Task prompt: Reproduce only what runs from the line containing "photos 1 WACKER" to the line containing "Actuador de bloqueo" in the records below, inclusive. Keep it exact, and keep the pictures out.

Extracted material:
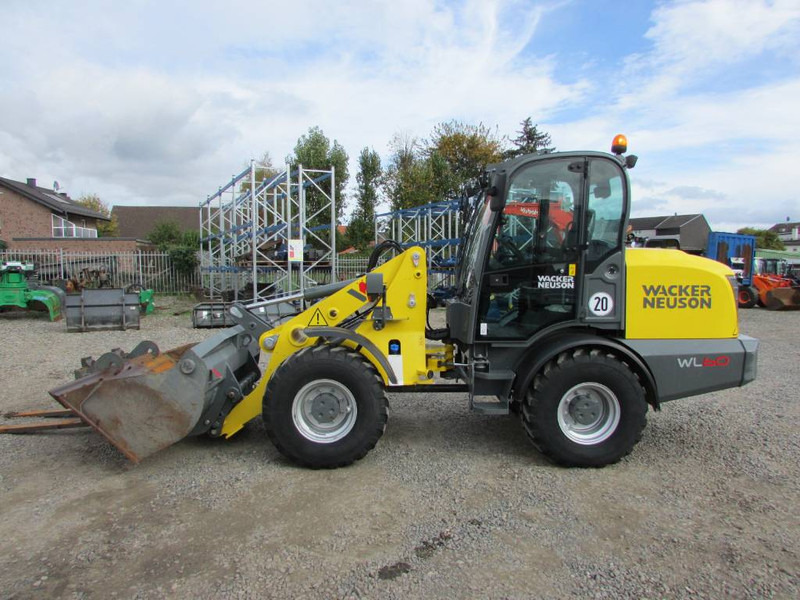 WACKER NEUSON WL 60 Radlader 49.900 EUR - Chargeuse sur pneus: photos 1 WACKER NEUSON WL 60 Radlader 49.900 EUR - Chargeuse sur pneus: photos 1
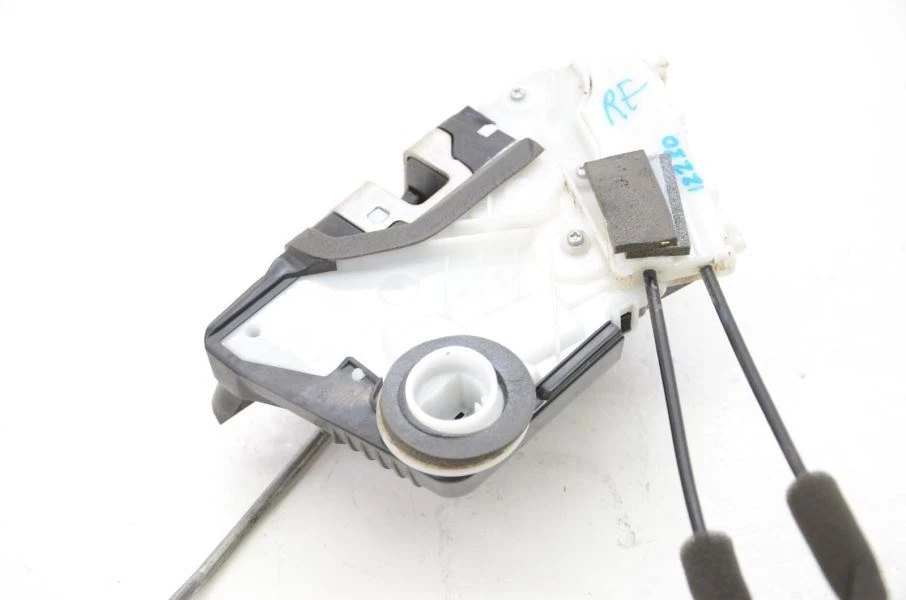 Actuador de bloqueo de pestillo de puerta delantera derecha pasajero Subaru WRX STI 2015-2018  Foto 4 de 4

---

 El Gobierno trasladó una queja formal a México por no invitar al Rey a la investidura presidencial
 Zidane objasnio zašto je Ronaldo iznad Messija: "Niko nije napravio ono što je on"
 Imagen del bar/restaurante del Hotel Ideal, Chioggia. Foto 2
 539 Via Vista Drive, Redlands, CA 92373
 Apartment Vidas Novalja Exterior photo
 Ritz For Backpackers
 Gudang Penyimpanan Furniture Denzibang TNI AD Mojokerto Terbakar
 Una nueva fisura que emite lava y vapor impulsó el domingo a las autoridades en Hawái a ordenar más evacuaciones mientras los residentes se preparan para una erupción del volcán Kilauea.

--

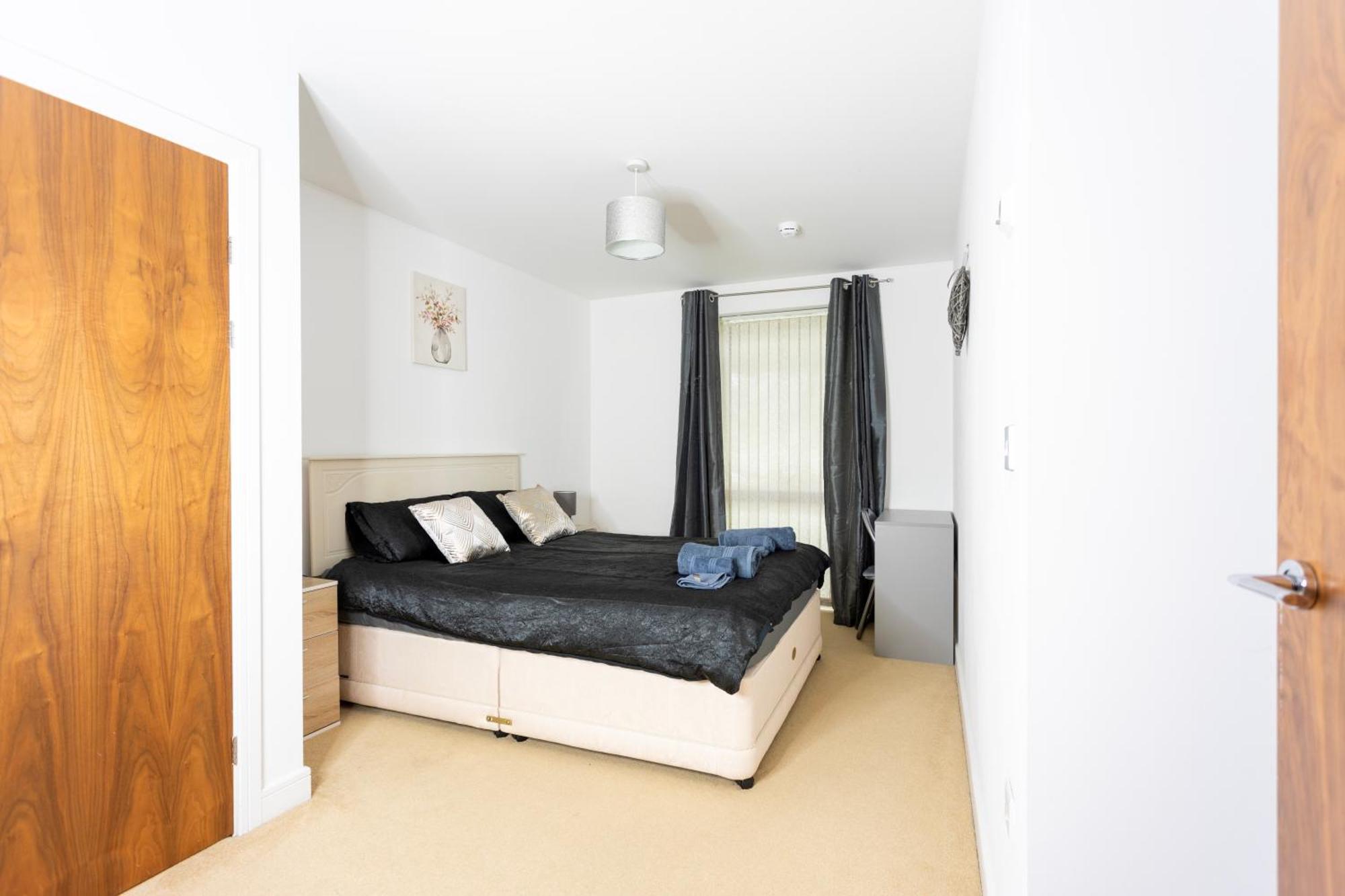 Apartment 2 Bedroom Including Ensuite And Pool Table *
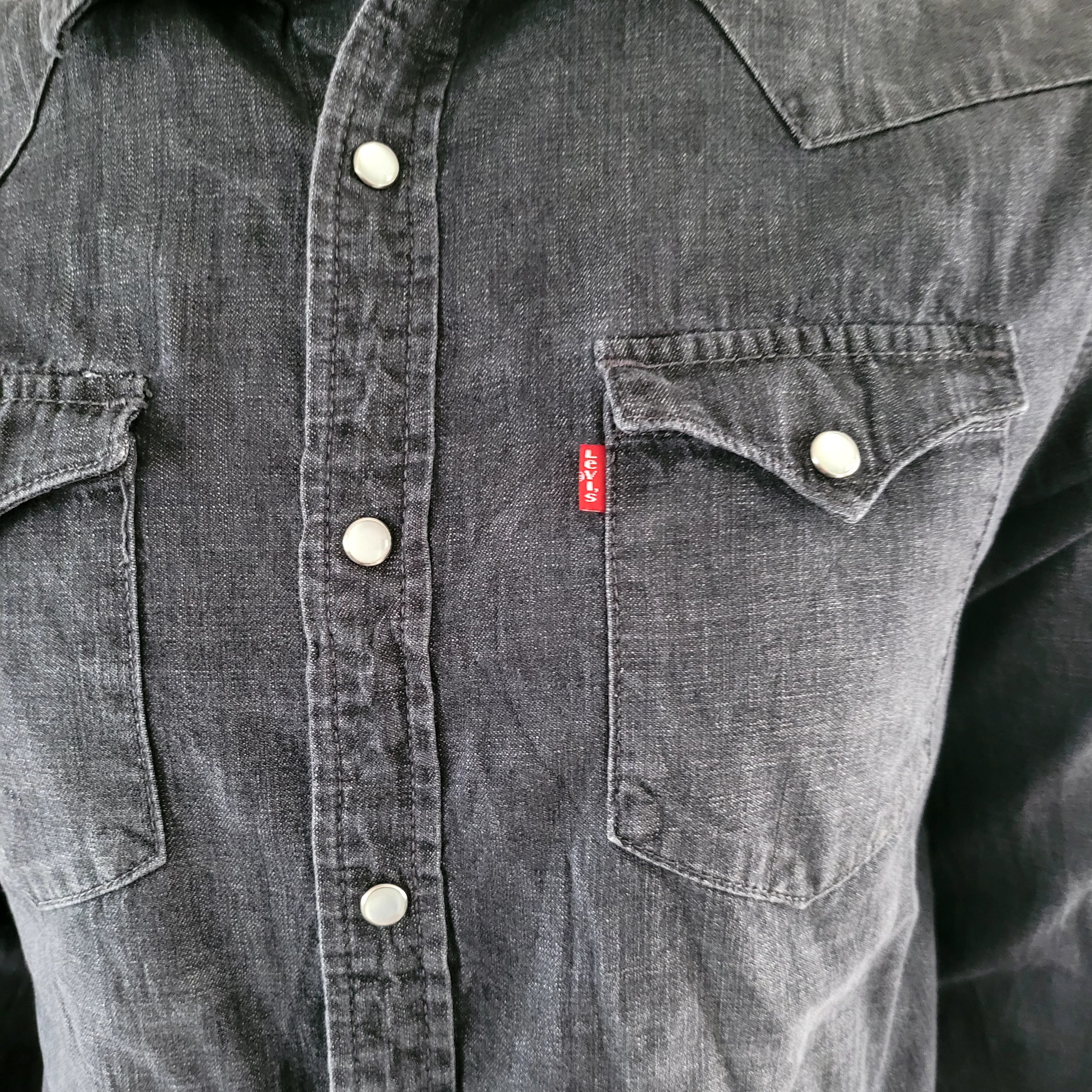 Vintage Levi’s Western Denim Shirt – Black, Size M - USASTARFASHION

Written response:
 WACKER NEUSON WL 60 Radlader 49.900 EUR - Chargeuse sur pneus: photos 1 WACKER NEUSON WL 60 Radlader 49.900 EUR - Chargeuse sur pneus: photos 1
 Actuador de bloqueo de pestillo de puerta delantera derecha pasajero Subaru WRX STI 2015-2018  Foto 4 de 4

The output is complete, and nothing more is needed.